Dengan margin tersebut, Suherman menilai tidak ada alasan bagi pengecer untuk mencari keuntungan tambahan dengan melanggar aturan.
“Jangan main untung lebih. Kalau masih ada yang jual di atas HET, itu berarti sengaja melanggar.
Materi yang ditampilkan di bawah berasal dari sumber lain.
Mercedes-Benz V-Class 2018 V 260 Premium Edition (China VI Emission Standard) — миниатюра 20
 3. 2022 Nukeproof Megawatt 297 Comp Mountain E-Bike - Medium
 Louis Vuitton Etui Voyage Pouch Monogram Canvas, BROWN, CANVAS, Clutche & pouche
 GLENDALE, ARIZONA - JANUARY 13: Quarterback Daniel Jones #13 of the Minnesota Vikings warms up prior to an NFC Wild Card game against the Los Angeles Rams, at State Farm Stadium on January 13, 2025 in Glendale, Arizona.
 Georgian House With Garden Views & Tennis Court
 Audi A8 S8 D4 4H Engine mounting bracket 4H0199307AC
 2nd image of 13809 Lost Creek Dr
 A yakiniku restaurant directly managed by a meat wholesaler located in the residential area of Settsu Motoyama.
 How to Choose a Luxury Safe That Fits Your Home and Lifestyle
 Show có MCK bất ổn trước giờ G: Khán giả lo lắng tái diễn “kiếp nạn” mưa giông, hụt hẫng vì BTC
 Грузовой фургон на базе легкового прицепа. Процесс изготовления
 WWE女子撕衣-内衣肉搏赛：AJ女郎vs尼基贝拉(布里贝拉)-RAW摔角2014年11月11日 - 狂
Kami tidak akan tutup mata,” tegasnya.
Sebagai bentuk keseriusan, CV Harum Jaya telah mengeluarkan tiga surat teguran kepada pengecer yang terindikasi melanggar ketentuan harga.
Dalam kesempatan itu, Suherman juga menyampaikan apresiasi kepada pemerintah pusat atas peningkatan alokasi pupuk subsidi untuk Kabupaten Manggarai Timur.
Alokasi pupuk NPK meningkat menjadi 7.000 ton, sementara pupuk Urea mencapai 4.200 ton.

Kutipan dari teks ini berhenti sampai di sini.